## THE PROBLEM
The reply should repeat all of the data word for word, with no pictures.

## MATERIAL PROVIDED
<<<<

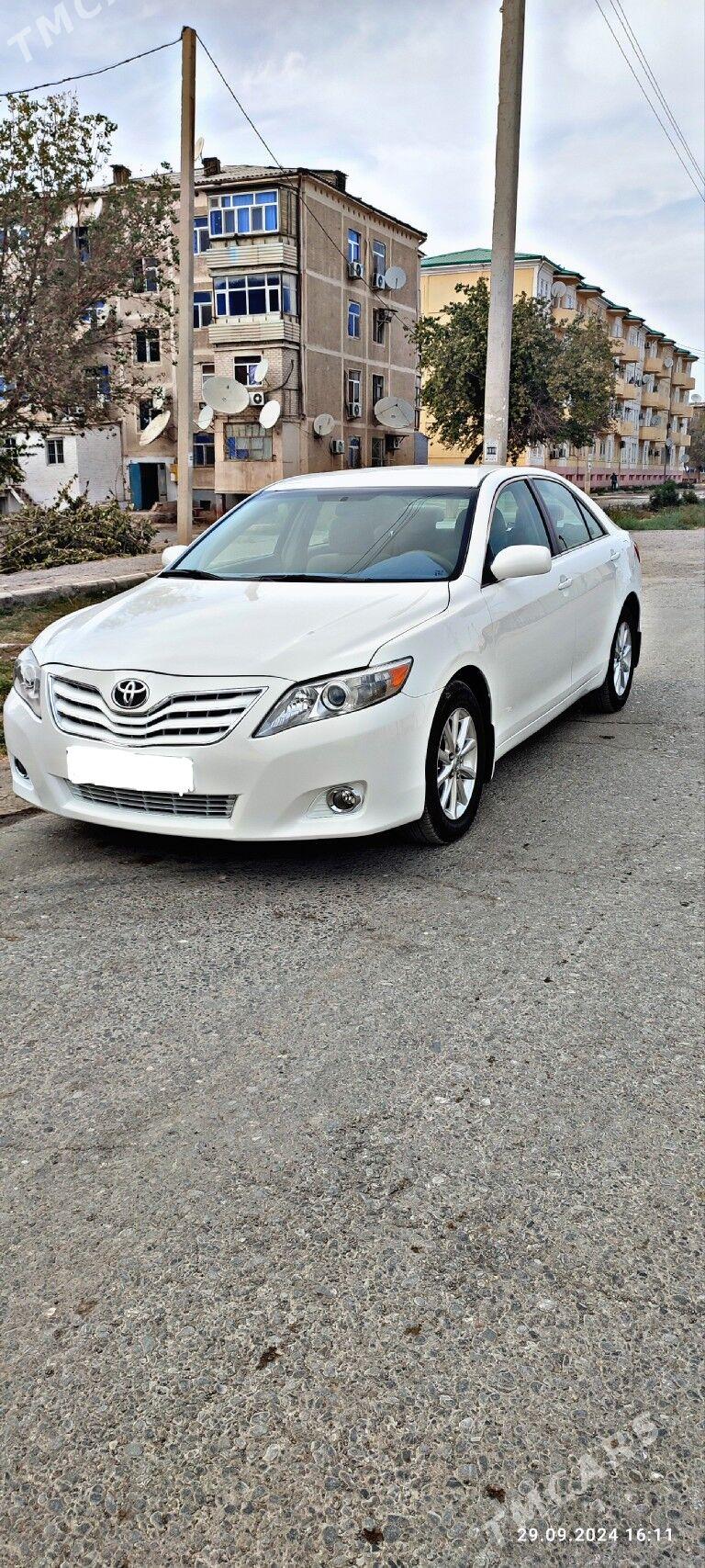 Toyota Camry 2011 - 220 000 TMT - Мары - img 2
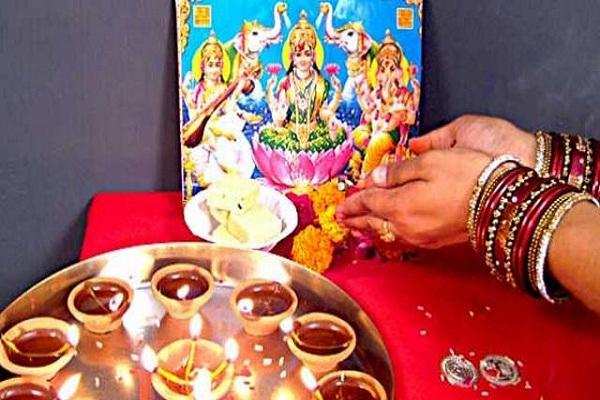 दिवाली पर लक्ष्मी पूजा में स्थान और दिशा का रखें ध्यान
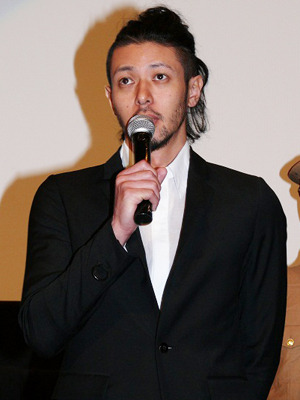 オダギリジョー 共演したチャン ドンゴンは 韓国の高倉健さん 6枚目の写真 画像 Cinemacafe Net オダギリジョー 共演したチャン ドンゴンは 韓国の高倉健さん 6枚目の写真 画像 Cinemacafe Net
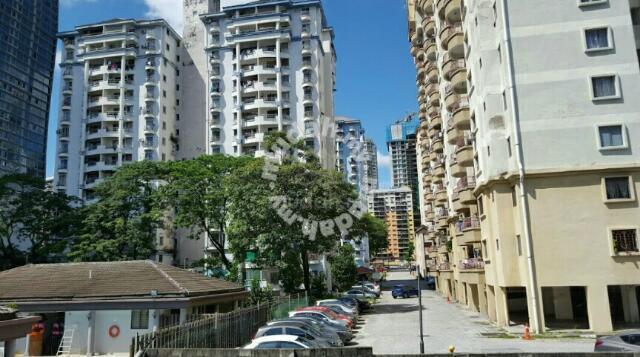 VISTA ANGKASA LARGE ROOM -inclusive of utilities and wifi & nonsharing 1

>>>>

## RESPONSE AREA
 Toyota Camry 2011 - 220 000 TMT - Мары - img 2
 दिवाली पर लक्ष्मी पूजा में स्थान और दिशा का रखें ध्यान
 オダギリジョー 共演したチャン ドンゴンは 韓国の高倉健さん 6枚目の写真 画像 Cinemacafe Net オダギリジョー 共演したチャン ドンゴンは 韓国の高倉健さん 6枚目の写真 画像 Cinemacafe Net
 VISTA ANGKASA LARGE ROOM -inclusive of utilities and wifi & nonsharing 1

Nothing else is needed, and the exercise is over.